Without including any picture, transcribe the entries below word for word.

**********

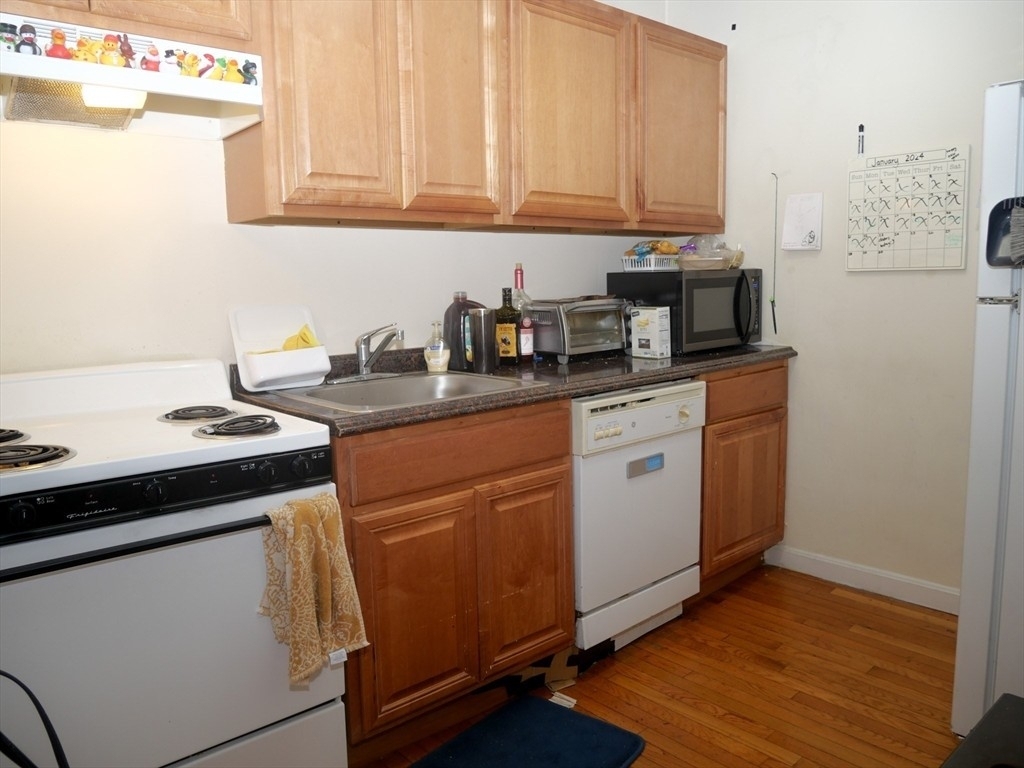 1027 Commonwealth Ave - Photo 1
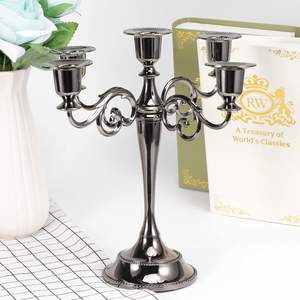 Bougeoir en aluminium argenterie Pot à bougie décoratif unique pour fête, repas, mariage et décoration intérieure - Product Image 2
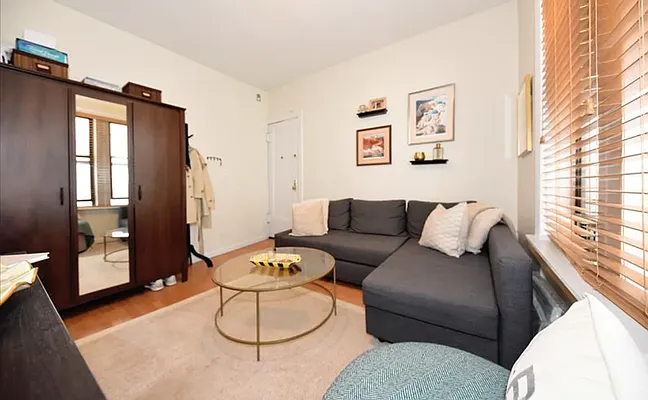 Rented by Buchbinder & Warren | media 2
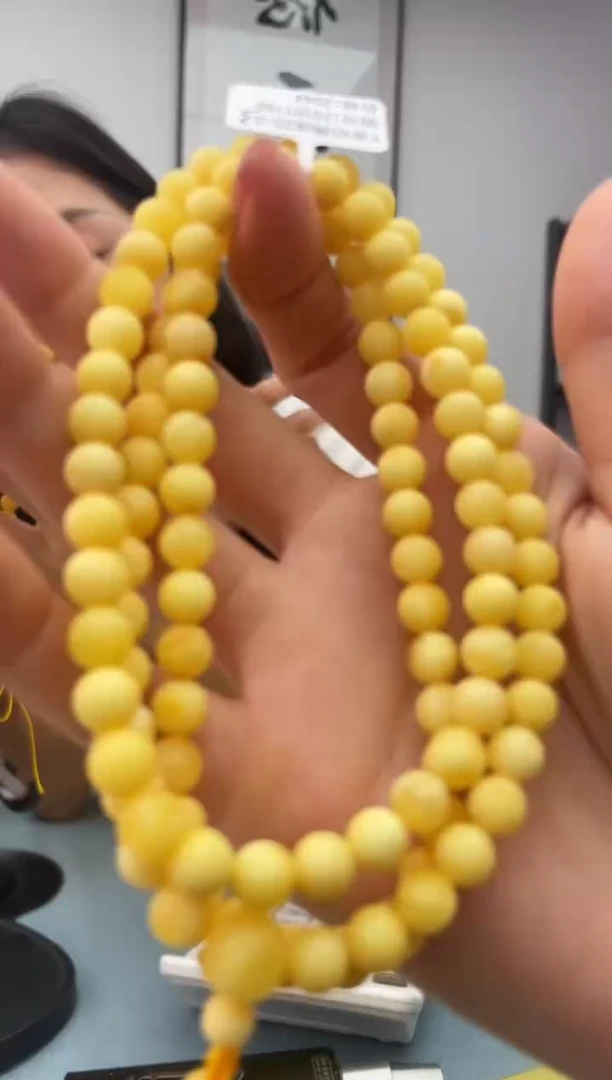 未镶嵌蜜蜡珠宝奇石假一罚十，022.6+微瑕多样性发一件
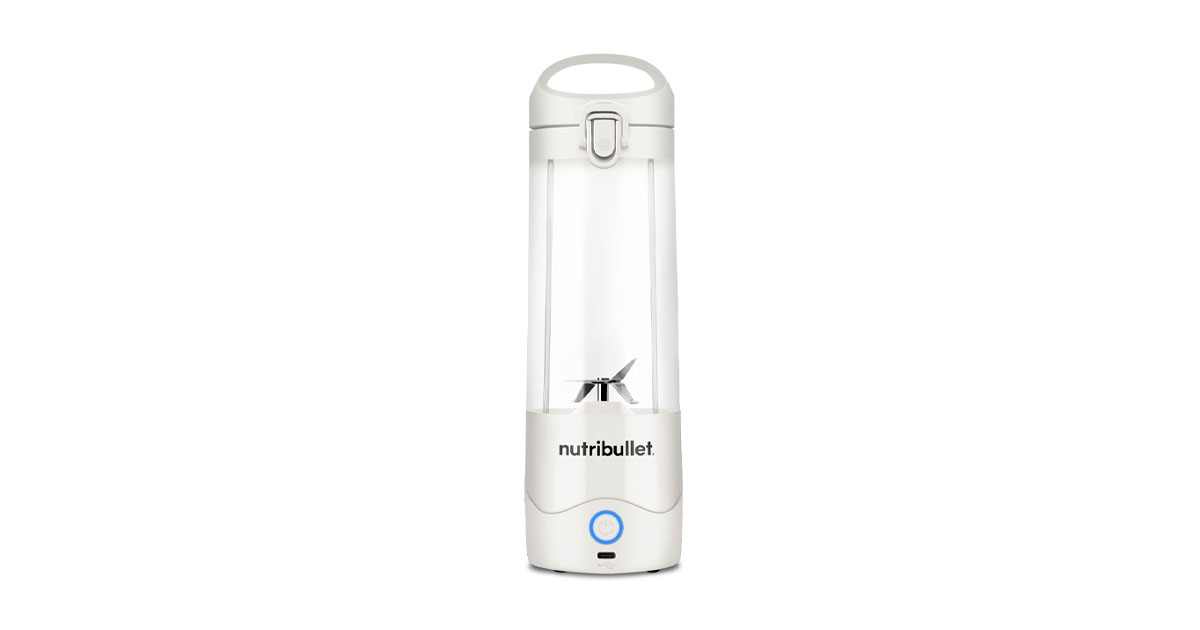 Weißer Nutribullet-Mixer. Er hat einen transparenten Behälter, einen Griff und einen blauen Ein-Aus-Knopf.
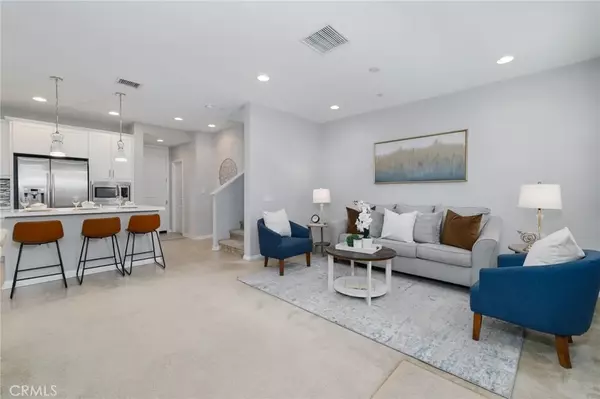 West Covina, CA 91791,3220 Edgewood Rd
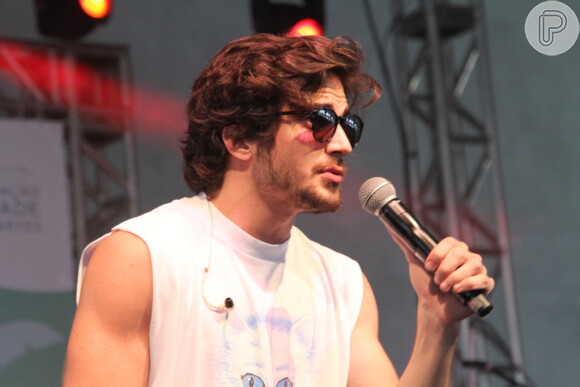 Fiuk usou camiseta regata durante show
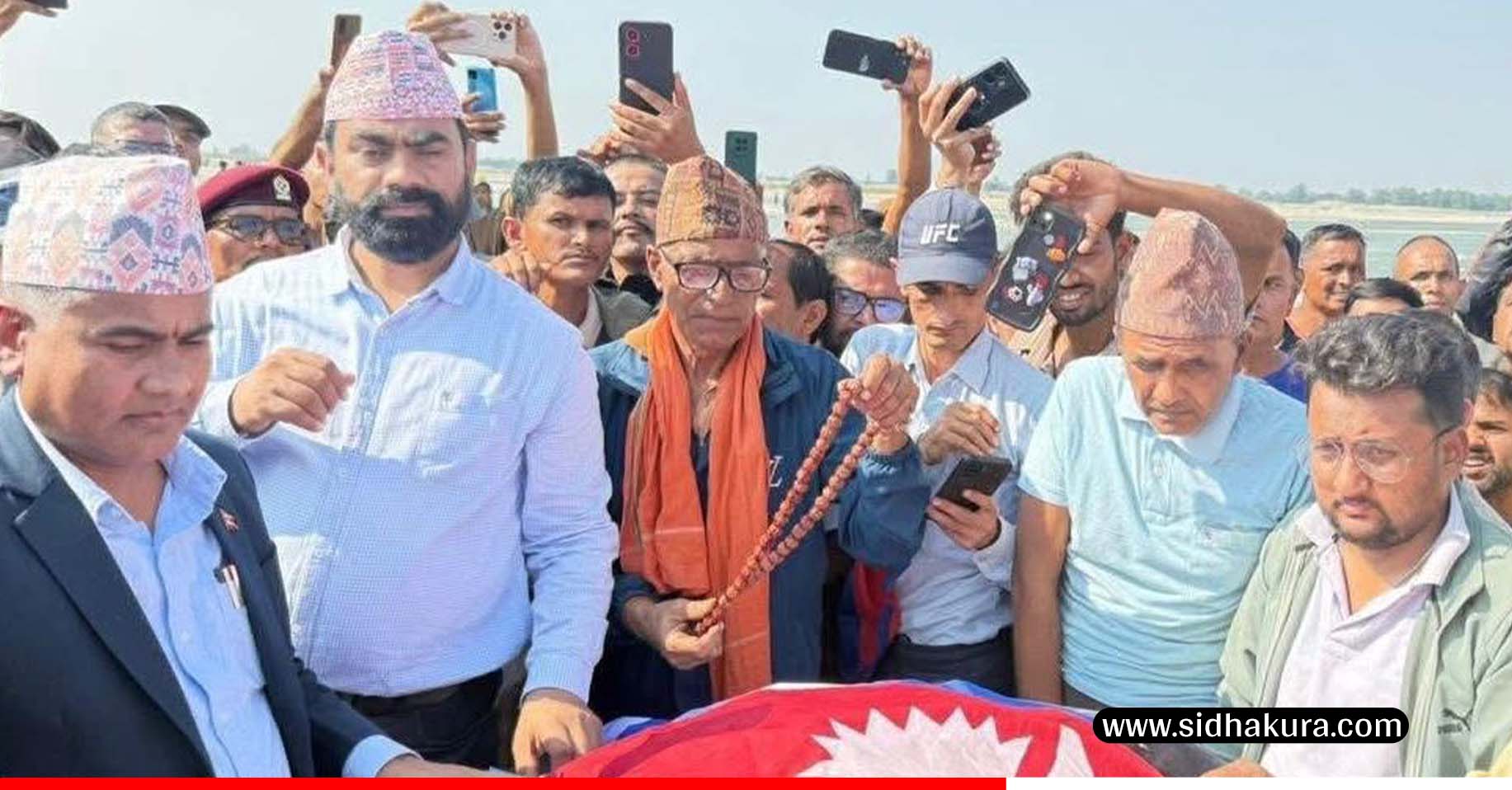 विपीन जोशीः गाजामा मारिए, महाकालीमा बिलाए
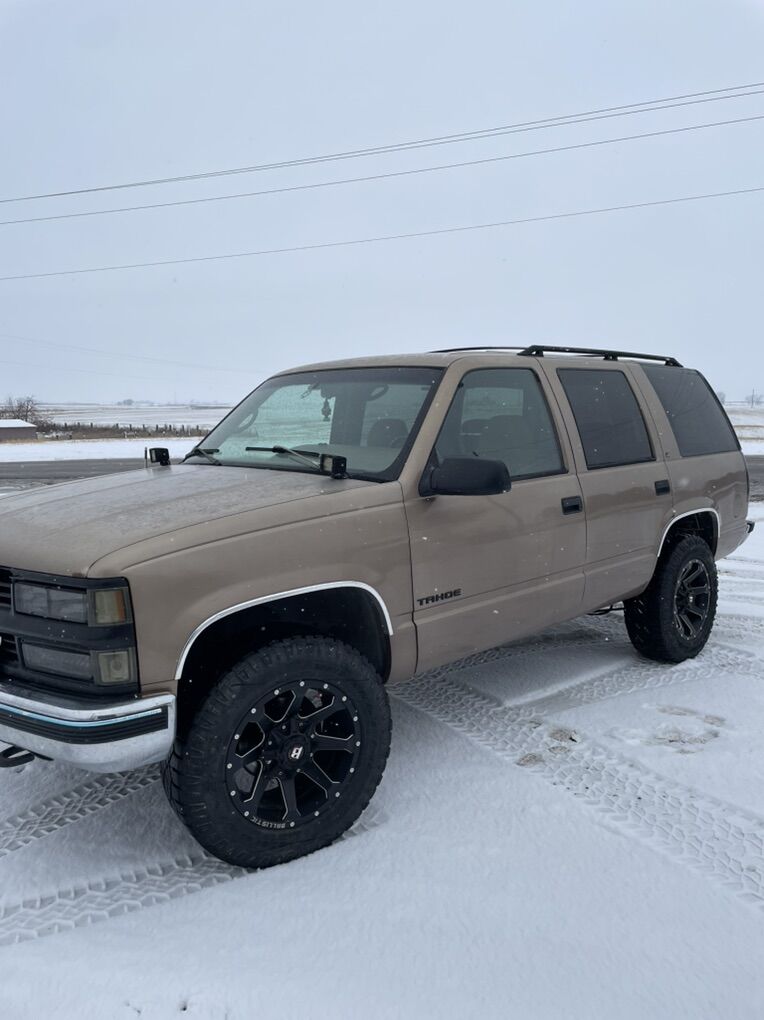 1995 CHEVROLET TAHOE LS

**********

**Your solution:**
 1027 Commonwealth Ave - Photo 1
 Bougeoir en aluminium argenterie Pot à bougie décoratif unique pour fête, repas, mariage et décoration intérieure - Product Image 2
 Rented by Buchbinder & Warren | media 2
 未镶嵌蜜蜡珠宝奇石假一罚十，022.6+微瑕多样性发一件
 Weißer Nutribullet-Mixer. Er hat einen transparenten Behälter, einen Griff und einen blauen Ein-Aus-Knopf.
 West Covina, CA 91791,3220 Edgewood Rd
 Fiuk usou camiseta regata durante show
 विपीन जोशीः गाजामा मारिए, महाकालीमा बिलाए
 1995 CHEVROLET TAHOE LS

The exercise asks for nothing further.